Die bulgarische Wirtschaft macht Fortschritte, aber in einem unbefriedigenden Tempo. In zehn Jahren EU-Mitgliedschaft ist das BIP pro Kopf der Bevölkerung um lediglich 800 Euro gestiegen, mit Mühe und Not ist der monatliche Durchschnittslohn letztes Jahr auf 500 Euro geklettert.

Die Bulgaren altern und werden immer weniger. Zwei Millionen sind bereits ausgewandert, die Sterblichkeitsrate ist höher als die Zahl der Geburten. Die Politiker sehen das aber anders: das BIP liege über dem EU-durschnitt, das Staatshaushalt 2016 weise einen Budgetüberschuss auf.

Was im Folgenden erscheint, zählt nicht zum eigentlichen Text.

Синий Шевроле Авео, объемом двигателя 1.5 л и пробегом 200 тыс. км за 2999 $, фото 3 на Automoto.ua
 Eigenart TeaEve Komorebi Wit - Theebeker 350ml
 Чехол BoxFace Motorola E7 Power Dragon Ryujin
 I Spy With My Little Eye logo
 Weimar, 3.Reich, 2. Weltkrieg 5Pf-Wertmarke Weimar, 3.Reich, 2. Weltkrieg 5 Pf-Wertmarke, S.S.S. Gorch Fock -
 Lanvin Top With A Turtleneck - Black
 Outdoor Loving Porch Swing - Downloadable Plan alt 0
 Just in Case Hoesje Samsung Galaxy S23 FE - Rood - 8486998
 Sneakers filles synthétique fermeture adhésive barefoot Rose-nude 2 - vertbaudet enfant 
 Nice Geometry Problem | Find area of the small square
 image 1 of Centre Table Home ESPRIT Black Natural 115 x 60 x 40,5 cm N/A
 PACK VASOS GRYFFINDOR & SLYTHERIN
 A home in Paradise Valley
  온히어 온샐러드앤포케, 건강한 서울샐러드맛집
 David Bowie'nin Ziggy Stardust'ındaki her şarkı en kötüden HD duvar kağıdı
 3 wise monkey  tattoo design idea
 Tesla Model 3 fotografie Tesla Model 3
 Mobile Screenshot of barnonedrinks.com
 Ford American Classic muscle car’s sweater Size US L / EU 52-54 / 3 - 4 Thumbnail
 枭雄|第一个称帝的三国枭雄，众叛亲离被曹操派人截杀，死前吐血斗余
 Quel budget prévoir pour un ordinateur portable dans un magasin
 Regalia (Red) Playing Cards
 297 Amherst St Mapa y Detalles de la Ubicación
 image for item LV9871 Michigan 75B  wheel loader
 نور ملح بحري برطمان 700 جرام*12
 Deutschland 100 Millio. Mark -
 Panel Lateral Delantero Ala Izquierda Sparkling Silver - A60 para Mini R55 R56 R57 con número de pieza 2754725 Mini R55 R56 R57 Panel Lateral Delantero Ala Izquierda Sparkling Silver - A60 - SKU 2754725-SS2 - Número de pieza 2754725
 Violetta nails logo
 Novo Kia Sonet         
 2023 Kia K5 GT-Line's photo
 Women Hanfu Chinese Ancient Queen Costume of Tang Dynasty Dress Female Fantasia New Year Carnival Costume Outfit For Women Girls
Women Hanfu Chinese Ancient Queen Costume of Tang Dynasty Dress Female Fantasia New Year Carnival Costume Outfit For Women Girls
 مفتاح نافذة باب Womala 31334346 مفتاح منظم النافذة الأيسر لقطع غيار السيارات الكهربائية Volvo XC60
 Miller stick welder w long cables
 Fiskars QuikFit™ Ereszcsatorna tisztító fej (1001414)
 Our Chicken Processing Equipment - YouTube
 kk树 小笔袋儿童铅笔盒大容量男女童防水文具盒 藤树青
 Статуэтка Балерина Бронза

Das mag zwar stimmen, aber: die Durchschnittsrente in Bulgarien beträgt 160 Euro, die monatlichen Heizungskosten liegen bei ca. 100 Euro und 2 Millionen Bulgaren führen ein Dasein unter der Armutsgrenze.

Experten und Beobachter sind sich einig, dass zehn Jahre für die Ansammlung einer kritischen Kapitalmasse nicht ausreichen, um ein größeres BIP-Wachstum und einen höheren Lebensstandard zu generieren. Bedauerlicherweise mangelt es an bulgarischem Kapital und die Auslandsinvestoren sind extrem skeptisch, vorsichtig und auf ihre Mobilität bedacht, damit sie das Land so schnell wie möglich verlassen können, falls es ungemütlich werden sollte.

Falls es wie bisher weiter geht, wird die Wirtschaft Bulgariens noch lange im großen und stabilen Business außen vor bleiben, egal ob das Land EU-Mitglied ist oder nicht. Bleibt nur zu hoffen, dass sich in den nächsten zehn Jahren in der EU und in Bulgarien etwas Positives tut – sowohl für den bulgarischen Staat als auch für dessen arme Bürger.